The moth Lirimiris truncata is a member of the mostly tropical Prominent Moth Family (Notodontidae), and here in the United States, these moths are found only in the southernmost part of Arizona. I observed this colorful Lirimiris truncata caterpillar in Agua Caliente Canyon in the Santa Rita Mountains.
Lirimiris truncata caterpillars are bright yellow and tiger-striped with black and white, and they have a few patches of white bristles, a red head, and an even larger red tail hump. This large tail hump might function as a false head meant to divert predators' attacks away from the more vulnerable actual head.

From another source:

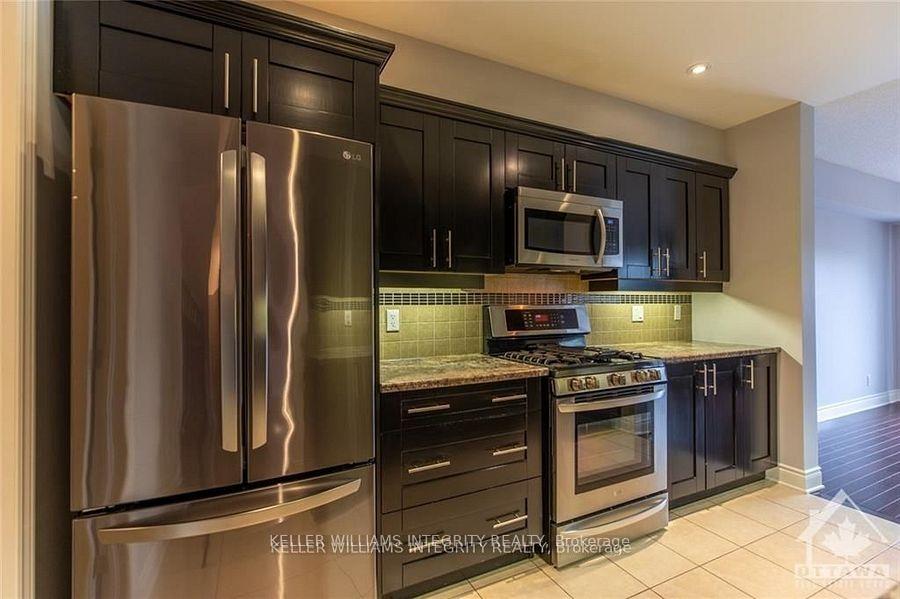 Photo 9 of 1037 Marconi Avenue, Ottawa, Kanata - Morgan's Grant/South March — HOMEH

The garish coloration of Lirimiris truncata caterpillars makes them highly visible to birds and other predators, but these caterpillars' bold yellow, red, and black colors are actually a universally recognized type of aposematic (warning) coloration meant to warn away potential predators. I don't know if these caterpillars are actually poisonous or noxious, but many caterpillars in the same family have chemical defenses and can spray foul-smelling, irritating, or toxic fluids if disturbed. Noting this caterpillar's bright warning colors, I didn't try handling it.
Lirimiris truncata caterpillars feed on the leaves of Thurber's Cotton (Gossypium thurberi), and if you wish to see these unusual caterpillars, look for them on these plants in August and September.
Unlike their colorful caterpillars, adult Lirimiris truncata moths are quite drably colored. The adults have a large, plump, brown body, grayish brown hindwings, and dark brown forewings with a broad, cream-colored band along the leading edge. The adult moths are nocturnal and can be seen around lights at night from late summer through mid-fall.